Black farmers have played a key role in agriculture throughout Indiana for nearly 200 years. Research from the Indiana Historical Society (IHS) shows more than 60 rural Black settlements throughout the state dating back to the 1830s. One of those communities was Lyles Station in Gibson County where nearly 180 years later descendants of the original settlers still farm the same land as their forefathers.
Today, Black farmers continue to play a key role in Indiana agriculture, especially in urban areas. But more must be done to support a community that has seen declining participation in recent decades.
According to the USDA-National Agricultural Statistics Service’s 2017 Farm Census, just 1.3% of agriculture producers in the United States were Black and in Indiana it was less than 1%. In Indiana, the average size of Black owned farms is about 137 acres, almost half the size of the average farm in the state with more than half of Black owned farms encompassing less than 50 acres. The smaller farms lead to less income as the average income from a Black producer led farm was only $25,000, which is half the state average. Black producers as a collective group only accounted for $3.7 million of the $2.8 billion in net cash farm income in Indiana measured in the 2017 census.

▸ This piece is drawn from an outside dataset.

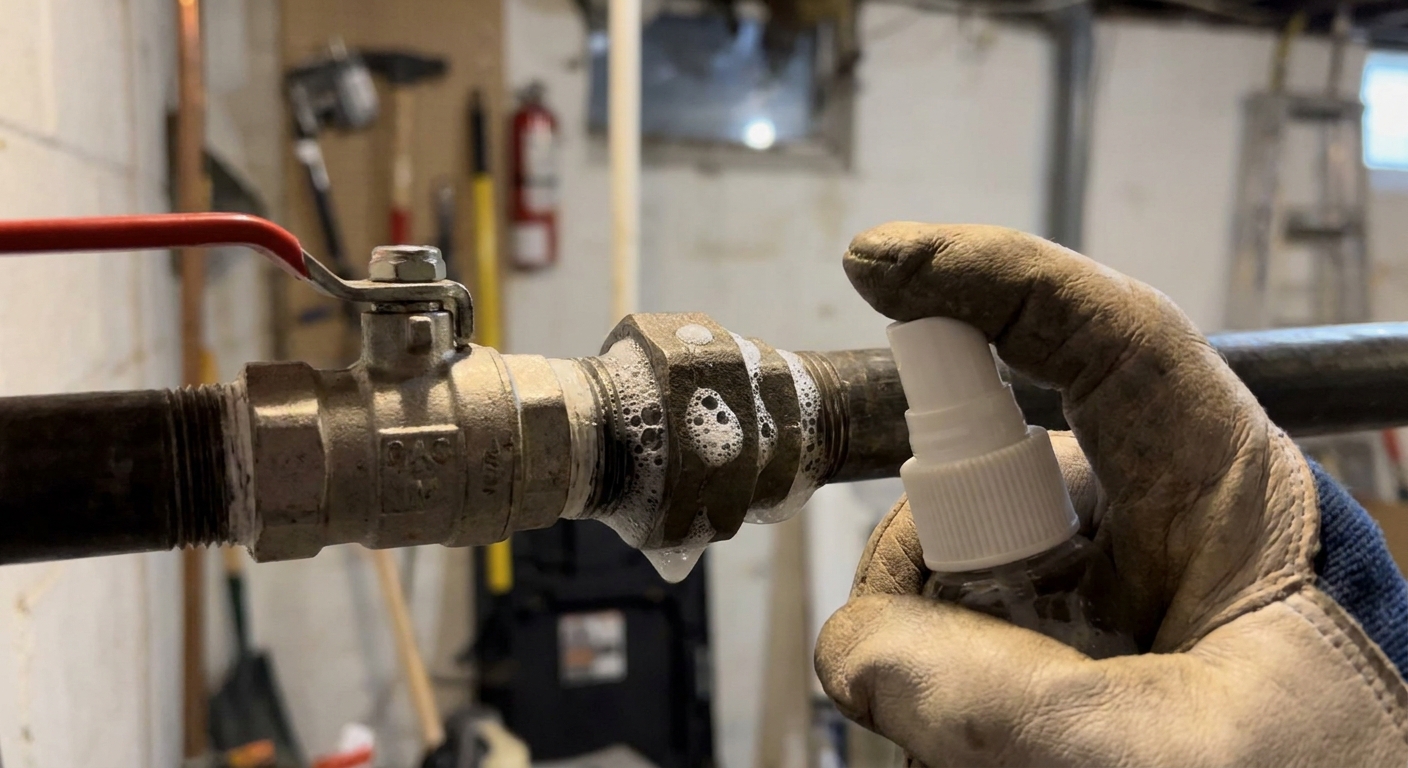 A close-up of a hand applying soapy water to a gas pipe fitting near a shutoff valve, with small bubbles forming, realistic home repair photograph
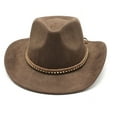 thumbnail image 3 of YAYUBA Cowboy Hat Men Women with Ribbon Cowgirl Western Hat Cowboy Hats for Women,Brown, 3 of 5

"It is important for the NRCS to continue to support historically underserved communities and Black farmers across the state and nation,” said Andrew Faison, district conservationist and Indiana Black Emphasis Program Manager. “Black Farmers across the state have a great connection with the land, plants, animals, water and their community as it is part of their soul. As our urban areas increase, our historically underserved communities are seeking to provide local, fresh produce within their community. It shows there is a need and desire to grow food and connect with mother nature. NRCS programs are in place to help and it’s our job to spread our knowledge and resources to better our communities.”
One way Indiana NRCS works to supports Black landowners and producers is by providing financial and technical assistance through the Environmental Quality Incentives Program (EQIP), which enables farmers and forestland owners to address natural resource concerns on their land. Through the 2018 Farm Bill, participants from historically underserved communities receive priority consideration on their EQIP applications. They are also eligible for a higher payment rate and advanced payments to help with the installation of conservation practices.
Please join us throughout the month of February, as we honor and celebrate the Black producers and NRCS employees throughout the state of Indiana who play a vital role in the state’s agriculture industry.